Update October 17th, 2019: Such situations can (sometimes) also be confirmed in the vSphere Client UI using the Monitor → Hardware Health window. A click on the “REFRESH” button results in an error in the recent tasks list:

“A general system error occurred: Server closed connection after 0 response bytes read; <SSL…..

Q: I have several ESXi hosts behind the same IP (NAT). How can I use the check_esxi_hardware?

A: Since version 20160531 it is possible to manually define the CIM port (which defaults to 5989). So if you set up port forwarding (DNAT) you can now monitor all ESXi servers behind the same NAT-address. The parameter you want in this case is ”-C“ (or –cimport).

—

Q: Is the plugin compatible with ESXi 6.x?

A: Yes. Please note that starting with ESXi 6.5 you might have to enable the CIM/WBEM services first, as they are disabled by default. Refer to https://kb.vmware.com/s/article/2148910.

Q: I can’t execute the plugin and get the following error message. Permissions are correct however (e.g. 755).

execvpe(/usr/lib64/nagios/plugins/check_esxi_hardware.py) failed:
Permission denied

A: This error comes from SELinux. You need to write an allow rule for it.

—

Q: The plugin reports the following problem with memory, but no memory hardware issues can be found on the server:

CRITICAL : Memory - Server: HP ProLiant DL380p Gen8 s/n....

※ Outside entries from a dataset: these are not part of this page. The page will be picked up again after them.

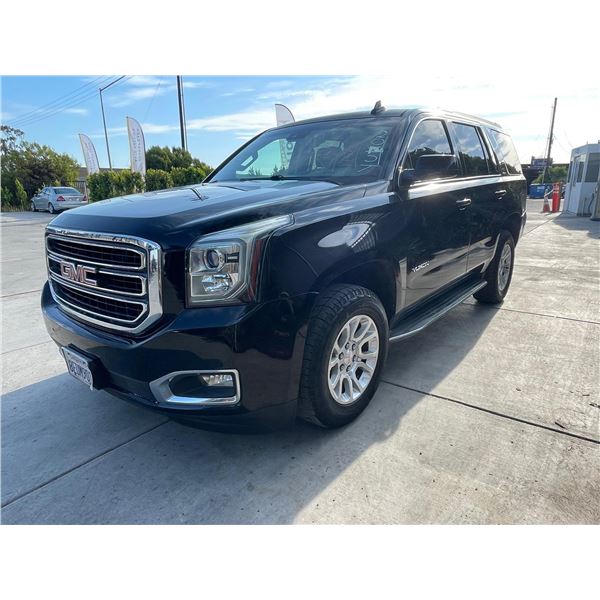 GMC YUKON 2015 T-REPO 2 DAYS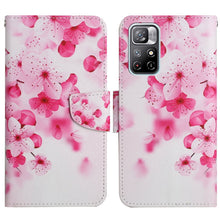Load image into Gallery viewer, Painted Pattern Flip Leather Phone Case, For Xiaomi Redmi Note 10 Pro 5G, For Xiaomi Redmi Note 11 5G China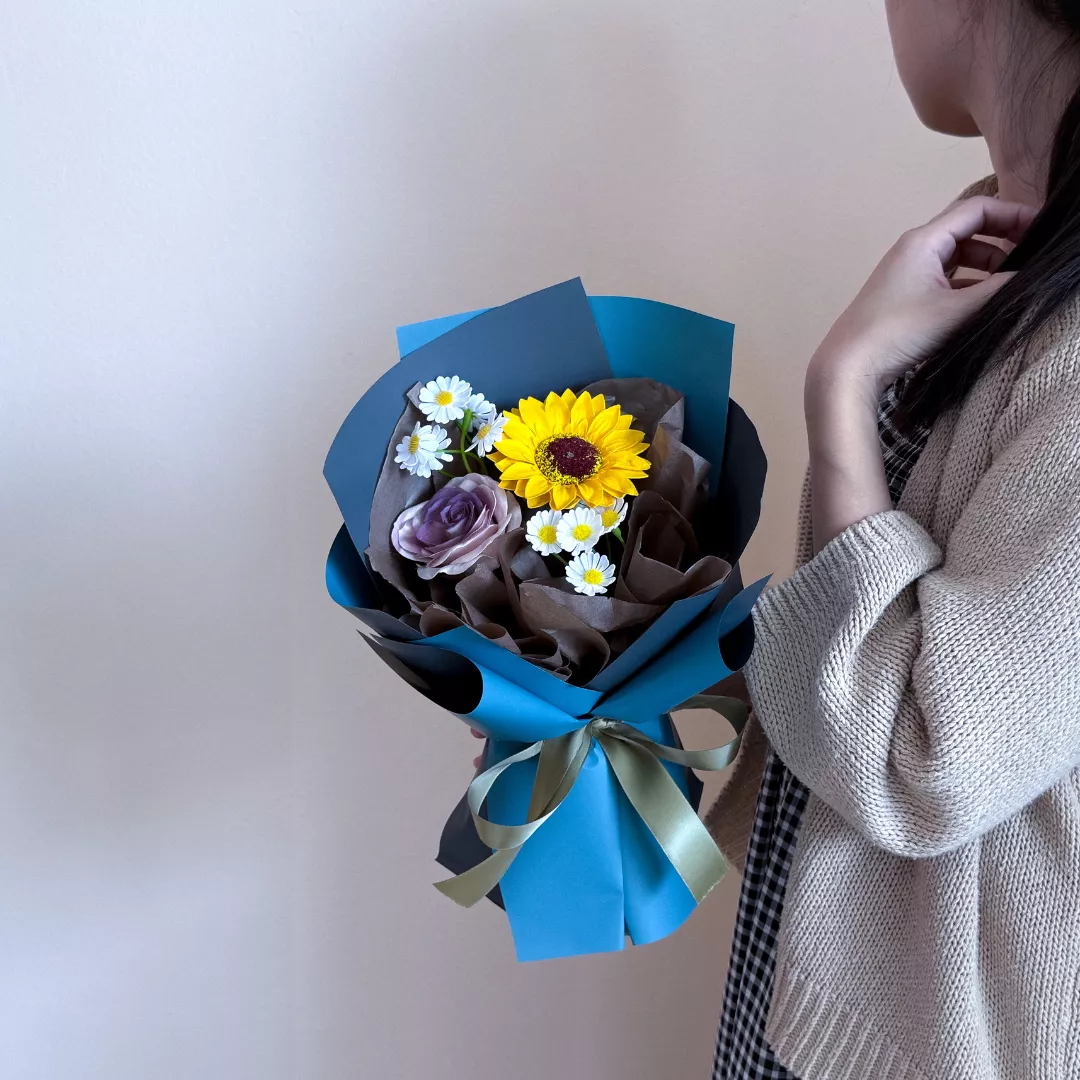 Soap Flower Bouquet | Starlit Bloom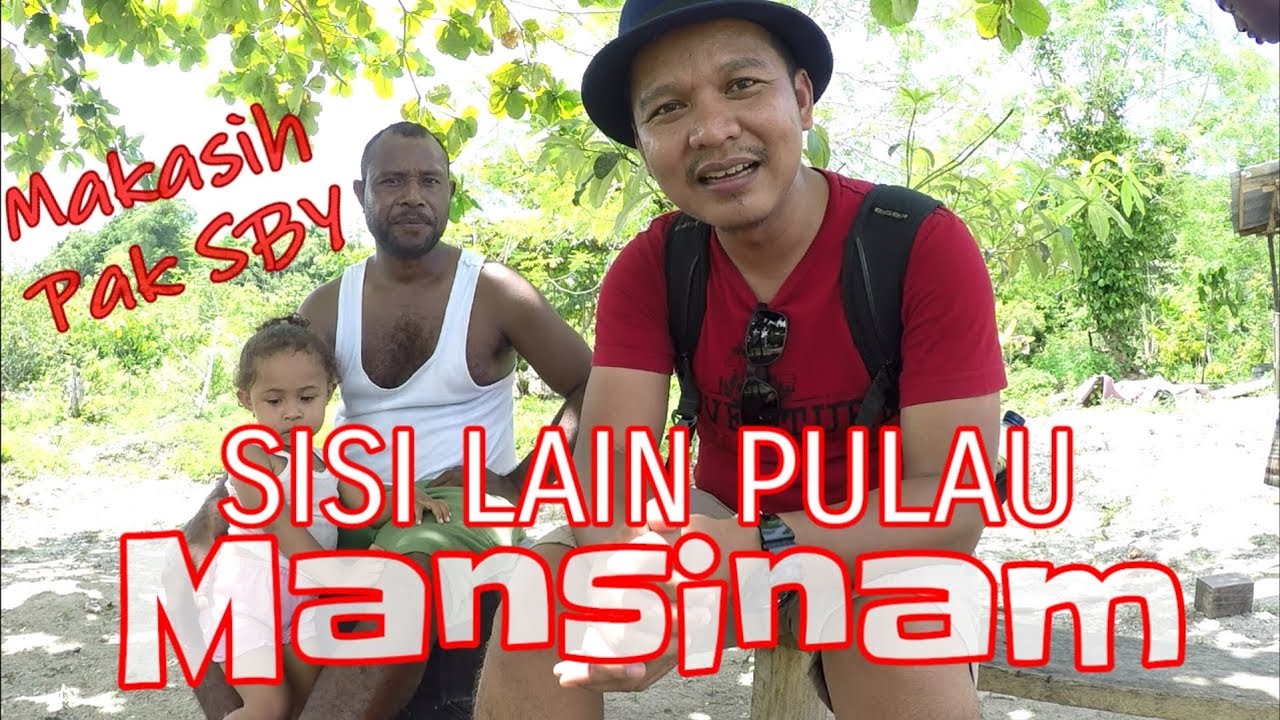 Perkampungan Orang Biak-Numfor di Pulau Peradaban Tanah Papua #Mansinampart1 (PV 136)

A: It is possible that an alert needs to be cleared in the servers IPMI log first. To do that, you need to login into your ESXi server with SSH and run the following commands:

localcli hardware ipmi sel clear

/sbin/services.sh restart

This might affect other CIM entries as well. So it’s a wise idea to clear the IPMI system event log (sel) first before investigating further.

—

Q: Certain hardware elements show incorrect health/operational states, e.g. “Cooling Unit 1 Fans”:

20190205 00:26:26

Element Name = Cooling Unit 1 Fans

20190205 00:26:26

Element HealthState = 1020190205 00:26:26

Global exit set to WARNING

A: Certain server models might show false hardware alarms when these particular hardware elements were disabled in BIOS, are idle or have disabled sensors. From the HP FAQ:

Note

PR 2157501: You might see false hardware health alarms due to disabled or idle Intelligent Platform Management Interface (IPMI) sensors. Disabled IPMI sensors, or sensors that do not report any data, might generate false hardware health alarms.

In this case it makes sense to ignore these elements using the -i parameter.

—

Q: The check_esxi_hardware plugin is not working (anymore) since ESXi 6.7 U2/U3 on DELL servers.

A: The issue seems to be the “OpenManage” VIB. This can be verified by checking the list of installed VIB’s on an ESXi server:

esxcli software vib list

After uninstalling the OpenManage VIB, the plugin works again. According to DELL, ESXi 6.7 U2 is not yet officially supported (as of July 2019) by OpenManage:

Note

OpenManage Integration for VMware vCenter v4.3.1 (Initial 4.3 Download) (4.3.1 Release Notes) (4.3 Manuals)Does not add official 6.7 U2 support (support for 6.7 U2 will come in the fall with the next major release)

See also official VMware KB 74696 entry for this.

Update October 15th 2019: OMSA 9.3.1 fixes this issue.